123

Kansas City, MO Tornado, May 1909 - In the Wake of the Storm

IN THE WAKE OF THE STORM

Some of the Incidents of the Mount Washington Tornado.

The Rev. Clark W. Comstock, pastor of the wrecked church at Mount Washington, was not at all discouraged this morning as he looked at the pile of kindling wood which had been the church edifice.

“We’ll have another building at once.” he said. “Our new home will be larger and better that the one destroyed.”

The wrecked church was dedicated two years ago. A little frame Methodist church, a block away, was unharmed.

The damage to Mount Washington cemetery from the tornado was slight. The storm passed over the southeast corner of the grounds. A few elm trees were uprooted, but the monuments and building were unharmed.

W. F. Smith, manager of Fairmount park, had just moved to the park for the summer and occupied cottage No. 13. Although so close to the path of the tornado, the park was only slightly damaged.

Mr. and Mrs. Oliver Cain of 700 Overton avenue, were at supper when they heard the storm. They believed at first it was a train on the Chicago & Alton railway a short distance from their home. Then a big elm tree was blown over on the roof of the house. Mr. Cain took their year-old baby and put it in a cupboard. The house was wrecked, but none of the occupants was injured.

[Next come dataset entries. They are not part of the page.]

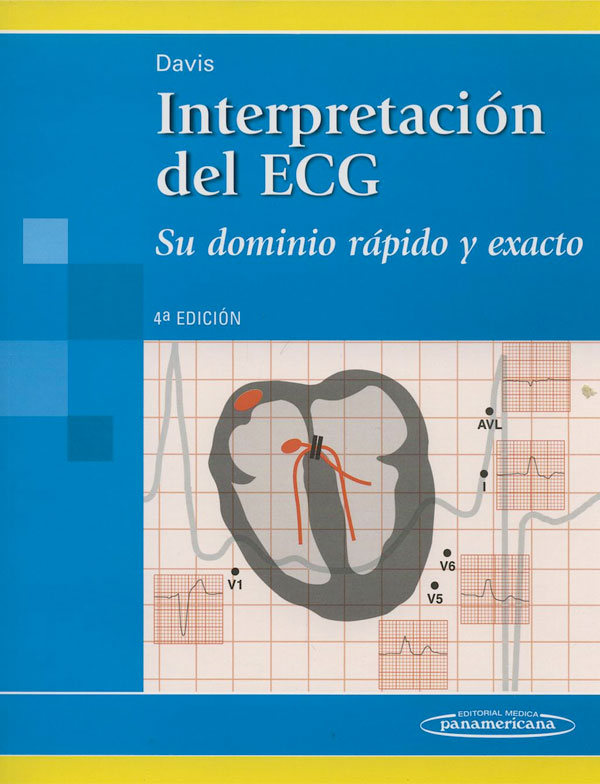 Interpretación del ECG 4ª Ed.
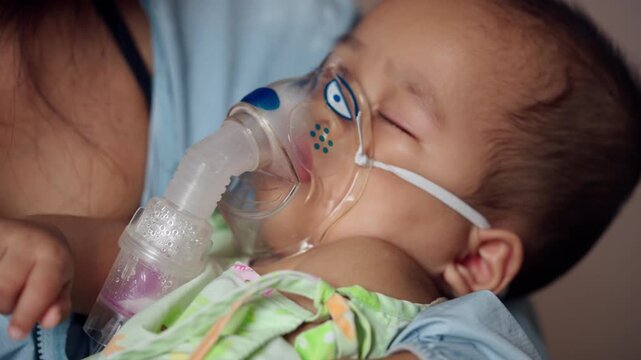 Baby boy rests in a parent's arms while receiving nebulizer therapy for respiratory illness, representing pediatric treatment, lung infection care, medication, and breathing support.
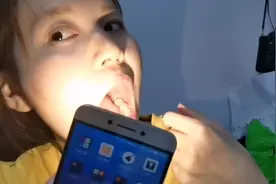 24岁妹子长智齿，痛的吃不下饭，相同经历的你们有啥绝招？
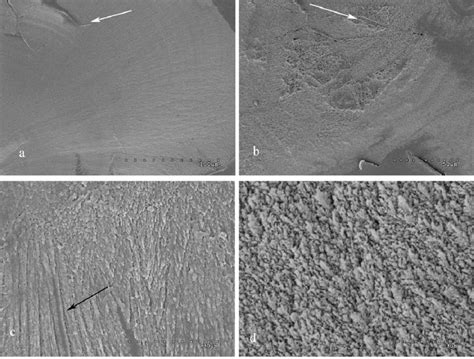 -Scanning electron micrograph showing anchovy otolith microstructure ...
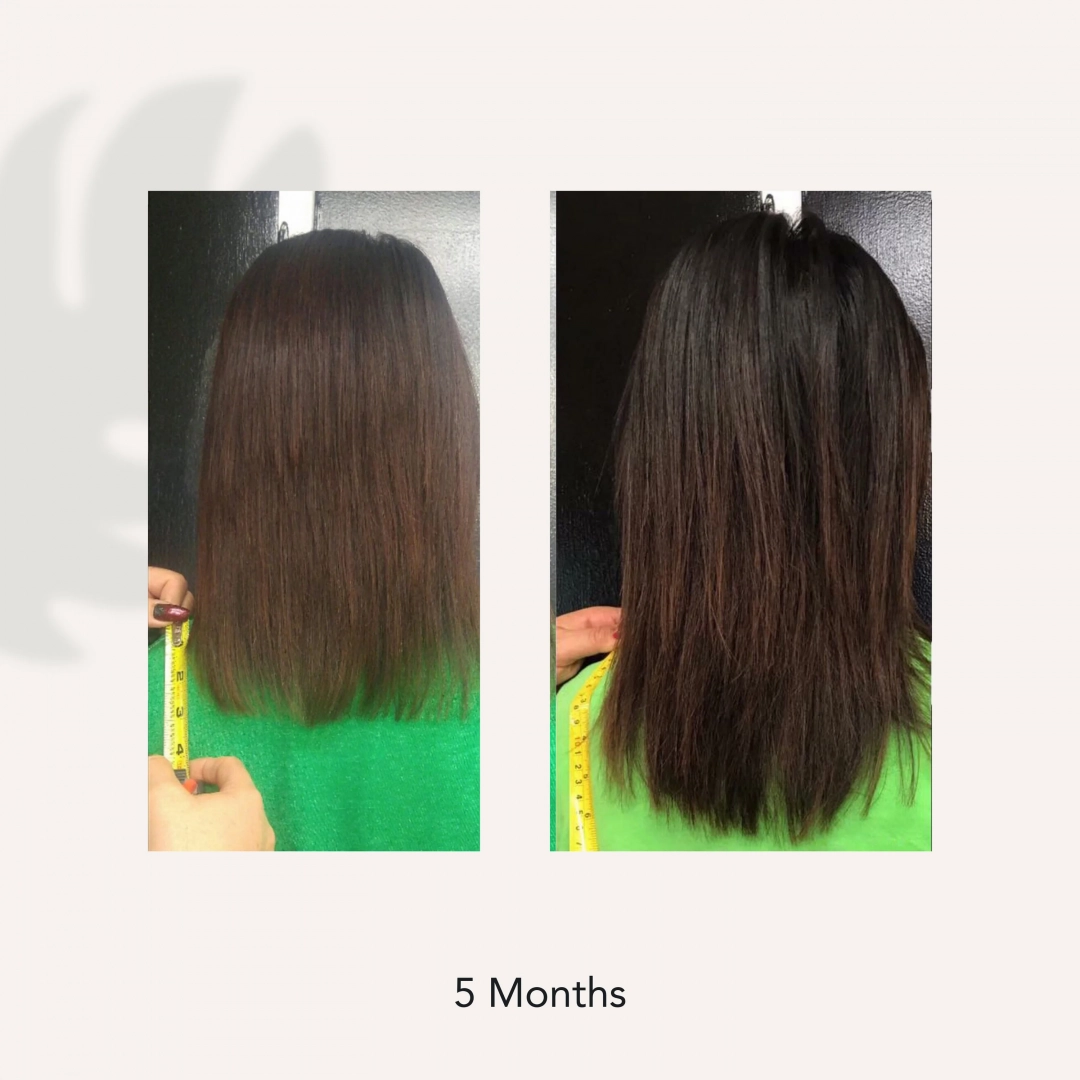 RENEW HEALING CONDITIONER - ACTI/V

The home of J. W. Robinson, in Fairmount addition, was demolished. It was a new modern house.

John Wirthman, employed in Mount Washington cemetery, worked and saved seven years to obtain an apple orchard back of his home at 640 Arlington avenue. He had about 200 fine trees that he believed would bear a good crop this year. The tornado swept the orchard clean. What trees were not uprooted were snapped off close to the ground.

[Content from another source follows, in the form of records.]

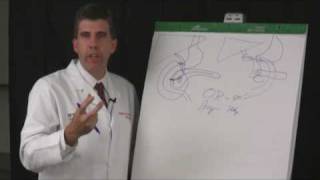 What is the Whipple Procedure [upl. by Ayram]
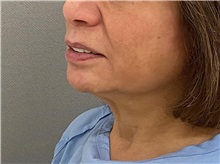 Facelift Before Photo by Keshav Magge, MD; Bethesda, MD - Case 50851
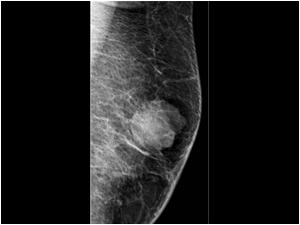 Mammography of the lesion shows a mainly well defined lesion with a slightly lobulated irregular anterior aspect.

We decided to do an ultrasound guided puncture. The lesion proved to be mainly cystic with hemorrhagic fluid. After aspiration no mass was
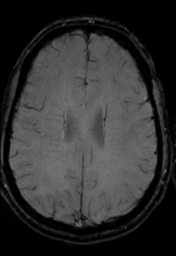 File:Cerebral arteriovenous malformation (Radiopaedia 55798-62372 Axial SWI 27).png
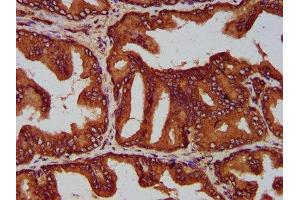 IHC image of ABIN7158397 diluted at 1:200 and staining in paraffin-embedded human prostate tissue performed on a Leica BondTM system.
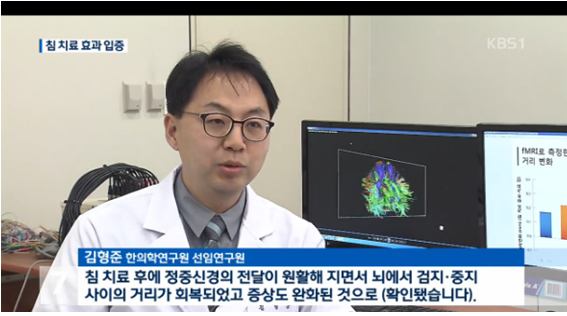 “침 치료로 뇌 구조 변화” 세계 최초 효과 입증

The wind played the usual freakish tricks. A piece of metal roofing was driven into a tree several inches. A heavy timber, picked up somewhere, was blown into the front door of the house of Jewel Evans, 649 Arlington avenue. Half of the timber was inside the house and the other half outside. In the yard of the home of A. J. Ream on Overton avenue a great elm tree was uprooted, while a few feet away a flimsy grape arbor was untouched.